PERF: add datetime caching kw in to_datetime · Issue #11665 · pandas-dev/pandas (original) (raw)

I'll propose a

cache_datetime=False keyword as an addition to read_csv and pd.to_datetime

this would use a lookup cache (a dict will probably work), to map datetime strings to Timestamp objects. For repeated dates this will lead to some dramatic speedups.

Care must be taken if a format kw is provided (in to_datetime as the cache will have to be exposed).
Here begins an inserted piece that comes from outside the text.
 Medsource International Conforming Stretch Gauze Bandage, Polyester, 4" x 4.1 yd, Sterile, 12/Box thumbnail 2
This would be an optional (and default False) as I think if you have unique dates this could modestly slow down things (but can be revisted if needed).

This might need also want to accept a list of column names (like parse_dates) to enable per-column caching (e.g. you might want to apply to a column, but not the index of example).
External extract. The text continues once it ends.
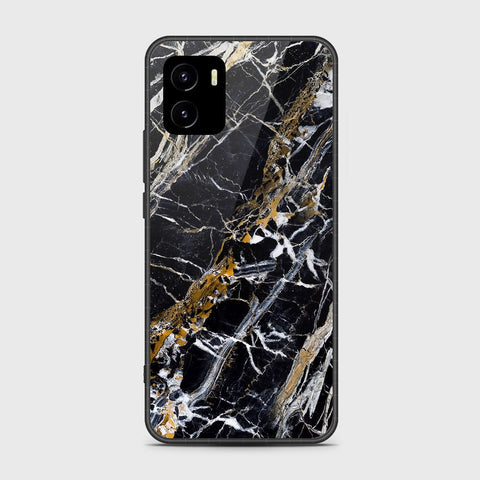 Vivo Y10 Cover- Black Marble Series - HQ Ultra Shine Premium Infinity Glass Soft Silicon Borders Case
possibly we could overload parse_dates='cache' to mean this as well

trivial example

In [1]: pd.DataFrame({'A' : ['20130101 00:00:00']*10000}).to_csv('test.csv',index=True)

In [14]: def parser(x):
   ....:         uniques = pd.Series(pd.unique(x))
   ....:         d = pd.to_datetime(uniques)
   ....:         d.index = uniques
   ....:         return Series(x).map(d).values
   ....: 
In [3]: df1 = pd.read_csv('test.csv',index_col=0, parse_dates=['A'])

In [4]: df2 = pd.read_csv('test.csv',index_col=0, parse_dates=['A'], date_parser=parser)

In [17]: %timeit pd.read_csv('test.csv',index_col=0, parse_dates=['A'])
1 loops, best of 3: 969 ms per loop

In [18]: %timeit pd.read_csv('test.csv',index_col=0, parse_dates=['A'], date_parser=parser)
100 loops, best of 3: 5.31 ms per loop

In [7]: df1.equals(df2)
Out[7]: True